Some EUR 1 billion left Romania in five years
Almost EUR 1 billion have been removed from Romania in the last five years through transfer prices, an amount that could have been used to carry out several local projects, said Ionut Misa, general director of the Large Taxpayers Department.
Transfer prices are the amounts charged by foreign companies to local subsidiaries for the goods and services sold to them. Transfer prices are one of the most common ways used by multinationals to extract profits from their subsidiaries without being taxed.
“Only from five companies that are in the fields of oil, retail, tobacco, e-commerce there were adjustments of RON 87 million (EUR 19.3 million). Only five companies, think what means this at national level,” Misa added, reports local Agerpres.

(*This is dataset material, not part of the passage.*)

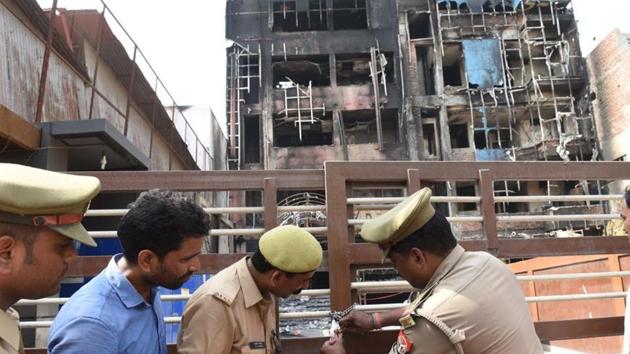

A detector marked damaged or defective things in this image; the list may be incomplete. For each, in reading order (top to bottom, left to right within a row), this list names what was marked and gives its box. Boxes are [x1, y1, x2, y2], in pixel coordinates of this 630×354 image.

He also said that the Large Taxpayers Department currently has 1,500 companies in its portfolio.
“The amounts are very, very large. A survey that we carried out at the beginning of 2015 on a portfolio of 2,500 companies brought us to the conclusion that almost EUR 1 billion have been taken out from Romania in the last five years. These amounts could have been used to carry out many projects in Romania and could bring big benefits to the Romanians,” Misa said.
He gave the examples of retailers, which leave very little money in Romania, as they offer low salaries and the tax profit is applied only on price differences.